Surface ECG (A) and intracardiac electrograms (B and C) revealing an episode of pacing-induced atrial tachycardia in a Pitx2^{null +/−} mouse. (A) Surface ECG showing the last three paced beats of the burst protocol. The tracing reveals the absence of P waves and irregular RR intervals, suggestive of atrial arrhythmia. (B) Atrial electrogram shows the presence of rapid and regular a waves, suggestive of AFL/tachycardia. (C) Ventricular electrograms reveals irregular intervals between v waves.

Fig. 3.

Pitx2 inhibits the SAN program. (A). Heat map of microarray data from Pitx2^{null −/−}-mutant embryo hearts compared with WT hearts at 13.5 dpc. All pacemaker genes and ion-channel genes designated to be present at significant levels were identified in the normalized data, followed by log2 transformation, subjected to hierarchical clustering and heat-map generating. (B) Quantitative RT-PCR validation of microarray analysis of Pitx2-mutant hearts compared with WT control hearts at 13.5 dpc. The quantitative real-time RT-PCR analysis showed that Kcnq1, ANF, Hcn4, Shox2, and Tbx3 were up-regulated in Pitx2-mutant hearts. (C).
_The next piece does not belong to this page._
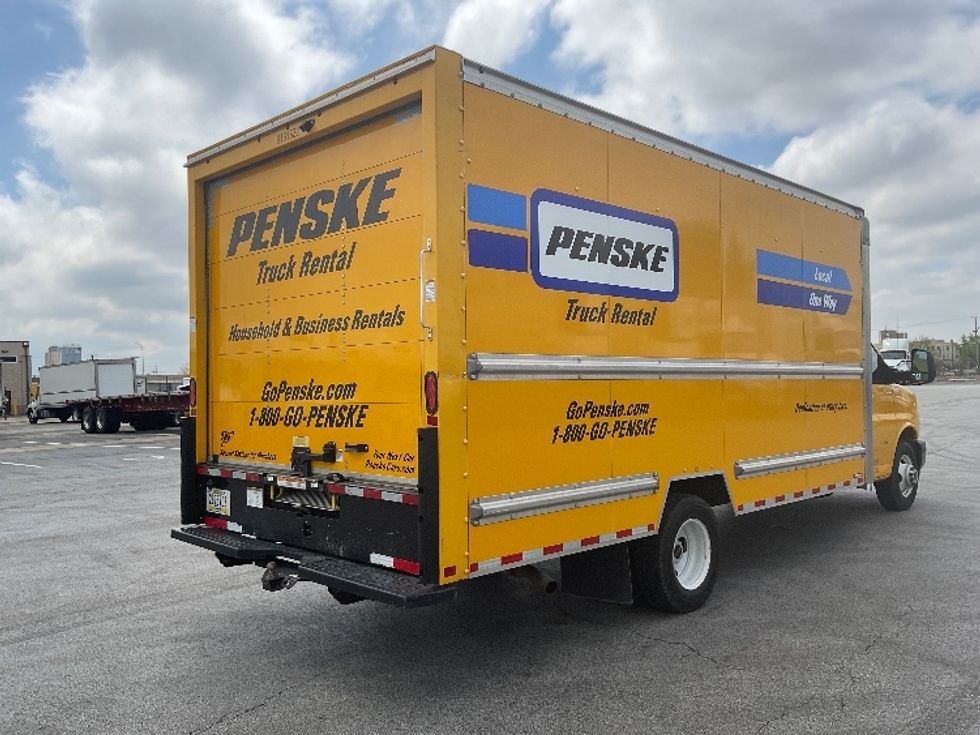 Light Duty Box Truck-Light and Medium Duty Trucks-GMC-2021-Savana G33903-Phoenix-AZ-97,319\n\t\tmiles-$ 24,750 - Image 13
Whole-mount in situ analysis at 12.5 dpc and 13.5 dpc with indicated probes. Genotypes and probes are labeled. Arrows designate areas of relevant gene expression in control and mutant embryos. (D) Heat map of microarray data and (E) quantitative RT-PCR validation of microarray on WT and Pitx2^{null +/−} mouse hearts at P42. Potassium-channel genes including Kcnq1, as well as the SAN genes Shox2 and Hcn4, were up-regulated in the Pitx2^{null +/−}-mutant hearts. In B and E, * indicates statistically significant differences (P < 0.05).

Fig. 4.

Pitx2 directly represses Shox2. (A) Summary of exon usage by Pitx2 isoforms. AUG and UGA: start and stop codons; E1->E6, exons 1->6. (B) Targeting strategy of generating the Pitx2^Flag allele. (C) Southern blots for the Pitx2^Flag allele showing the WT 7-kb and mutant 4-kb bands. (D) Western blot showed Pitx2^Flag-directed Pitx2 expression in embryoid bodies and P0 heart. D7-D10, culture day 7–10. (E) Alignment of Pitx2 recognition elements in Shox2. (F) In vivo ChIP indicated that Shox2 was bound by Pitx2 in embryoid bodies (EB) and adult left atrium (H). (G) Luciferase activity assay experiments indicated that Pitx2 repressed Shox2 in P19 cells and that this repression was lost when the Pitx2 binding site was mutated. At top, highlight in red indicates point mutation inserted to disrupt Pitx2 binding. * indicates statistically significant differences (P < 0.05).